Depardieu - Nicloux acte II. Le cinéaste français prouve que tout est prétexte pour avoir le grand Gérard sous son objectif. Pour rappel, le premier acte était Valley of Love, dont la combinaison avec Huppert avait fait chavirer mon âme quelque peu fragile, Avec un scénario qui tient sur une page, les deux comparses se livrent au jeu de la détresse. Au-delà du film et son déroulement, c'est comment l'admiration d'un réalisateur se reflète sur son acteur. Un jeu qui ne nous regarde finalement pas, nous spectateur.
Au départ, The End, nous intrique et nous perturbe car un film sans dialogue et quasiment sans mot ça n'est pas courant. Puis finalement il nous endort... On peut donc parler d'échec.
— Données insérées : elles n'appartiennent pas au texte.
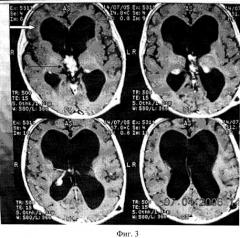Способ отведения ликвора из полости черепа у детей с гидроцефалией (патент 2321355)
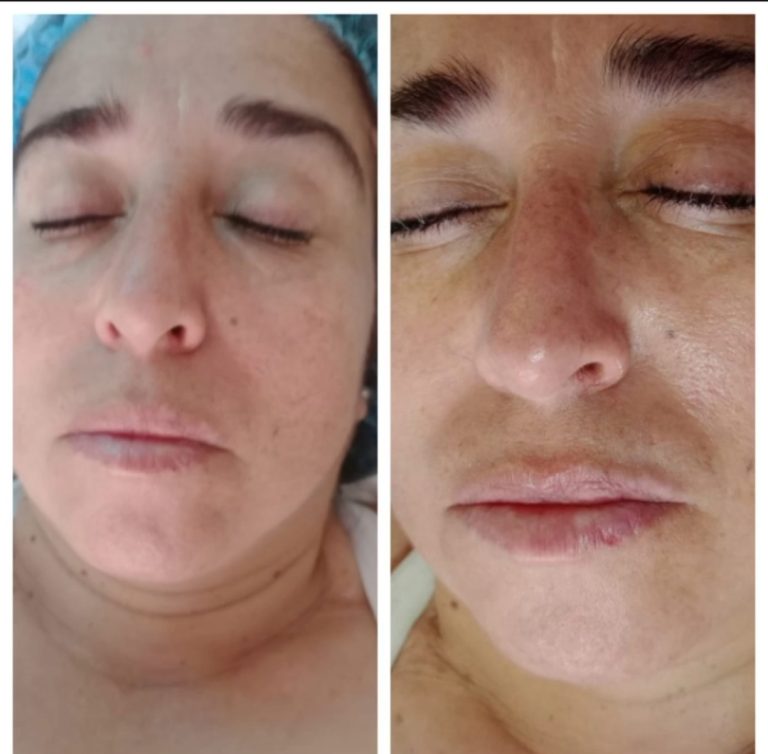 Angelica Masoterapia 768x754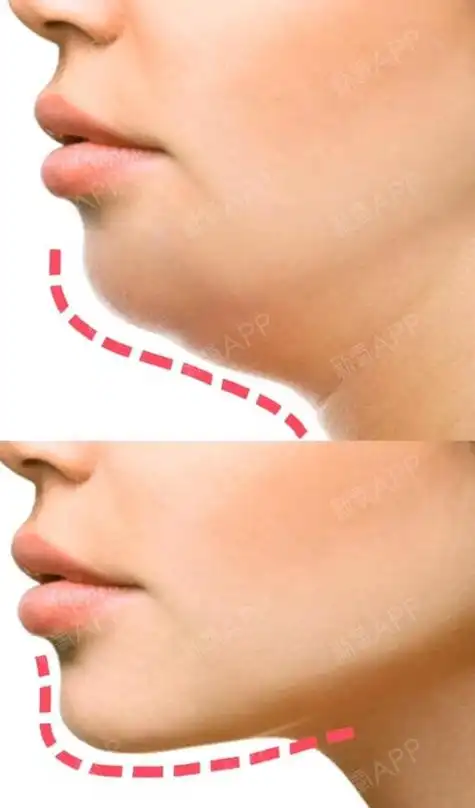 想要减双下巴我们要多按摩下巴到颈部的位置,这样不仅可以促进淋巴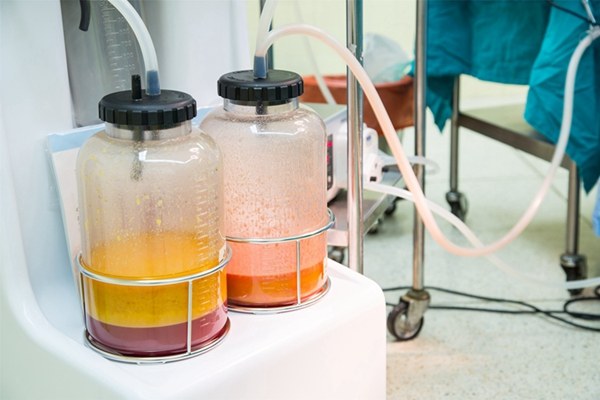 抽脂减肥最佳方法,抽脂后怎么减肥最有效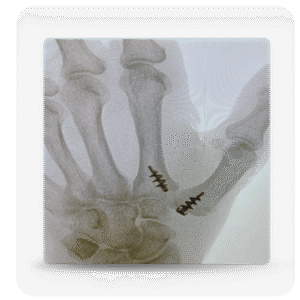 The Anchor Line CMC Suspensionplasty System - Adv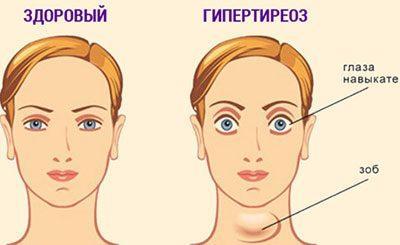 Фостер (foster)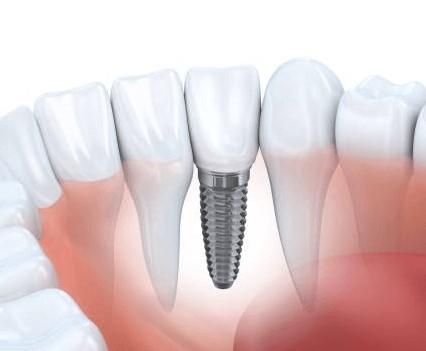 Unveiling the Magic of Dental Implants in Houston with Complete Dental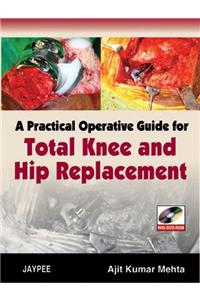 A Practical Operative Guide for Total Knee and Hip Replacement (with DVD-ROM)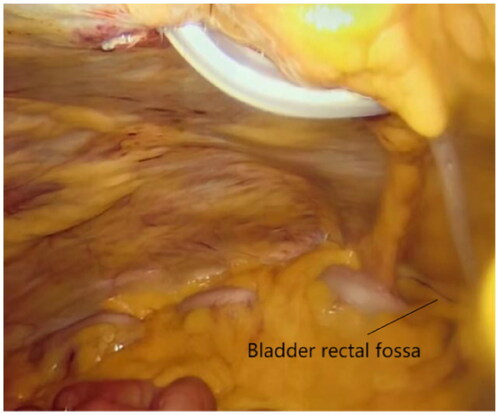 Figure 4. Completing the intra-abdominal catheter fixation (The left side is the head).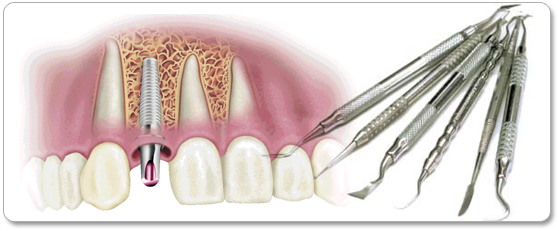 Oral Surgery Los Angeles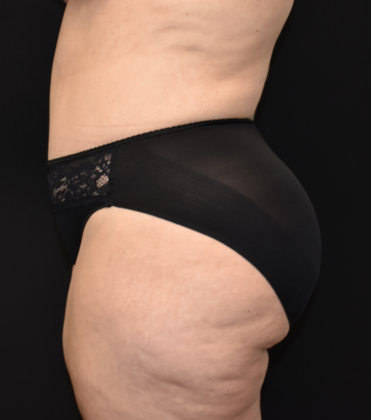 Abdominoplasty: Case 13 - After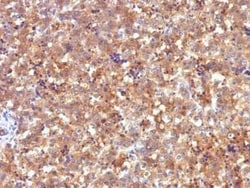 alpha-Fetoprotein/AFP Antibody (C2), Novus Biologicals 0.1mg; Unlabeled:Antibodies,
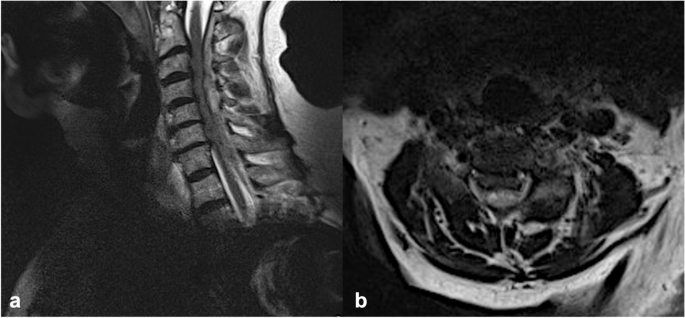 Emergency surgical decompression for spontaneous spinal epidural ...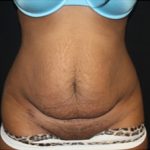 Tummy Tuck Before & After Patient #24557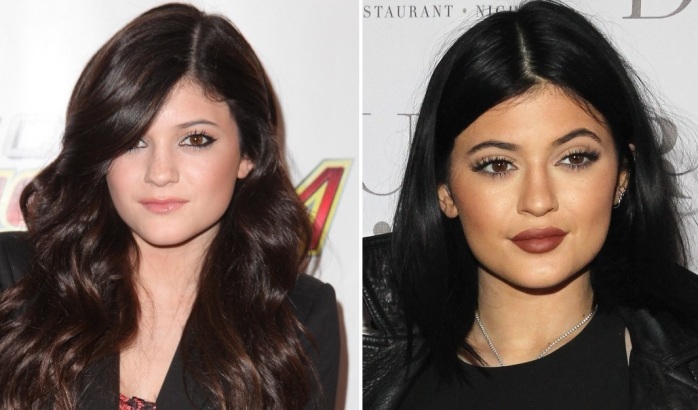Antes y después de Kylie | AFP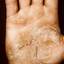 171. Dry Eczema on Hands Pictures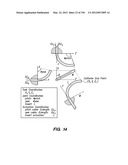 ANTI-BUCKLING MECHANISMS AND METHODS diagram and image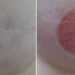 Tatuador faz reconstrução de mamilos a mulheres vítimas de cancro da mama
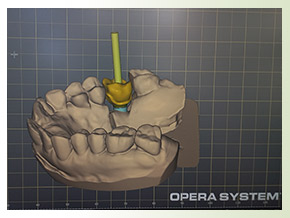 Zircon Ti-Base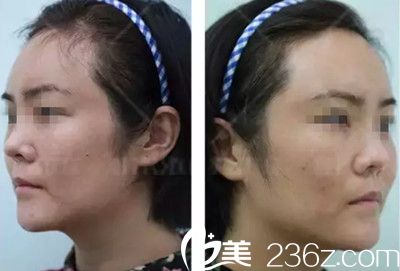 术后4天面部红肿 术后4天面部红肿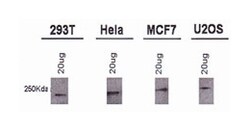 BRCA1, Mouse, Clone: RAY, Abnova 100&mu;L; Unlabeled:Antibodies, Monoclonal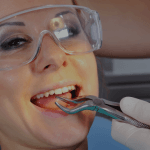 When to Stop Using Gauze After Wisdom Tooth Extraction?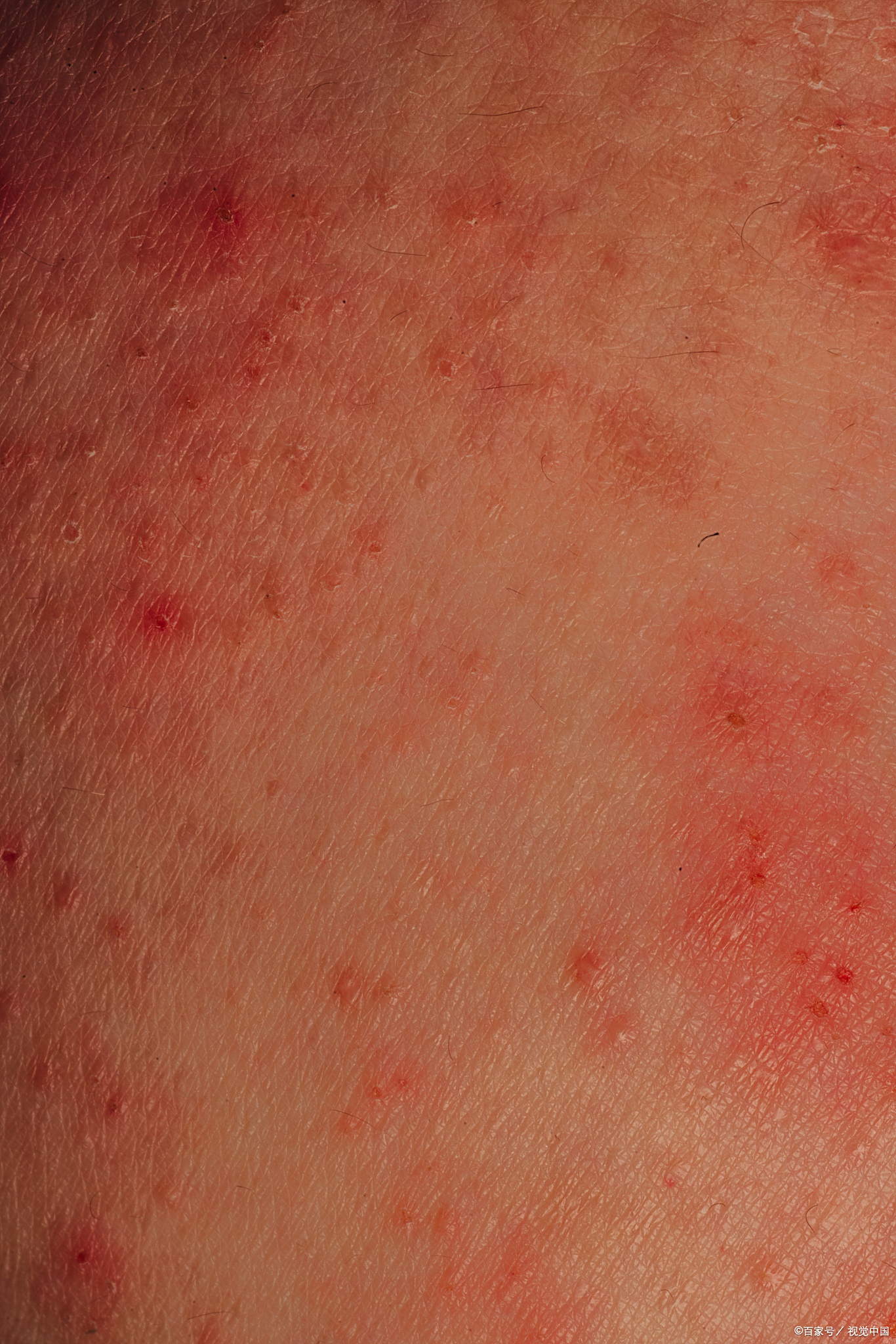 常见红疙瘩类型 过敏反应:皮肤接触花粉,尘螨等过敏原后出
Mais qu'est ce qui t'a pris Gérard ? Je ne vois aucune autre chose que le besoin de renflouer tes caisses (la Russie, c'est pas donnée). Quel nanard ! Quelle image donnes tu de toi, gros, gras la respiration courte qui siffle à chaque efforts, à chaque pas en fait, comment en es tu arrivé là (120kgs comme tu le dis) ? Obésité morbide, et ce micro trop prés qui nous fait entendre chaque mastication de bouche, souffle, renifle, ça en devient presque dégueu à l'oreille. L'histoire possède une véritable intrigue et l'on s’étonne de tenir devant l’écran soporifique juste pour savoir.... un film court et sans intérêt, Gérard, je peux te prêter un peu d'argent si tu veux.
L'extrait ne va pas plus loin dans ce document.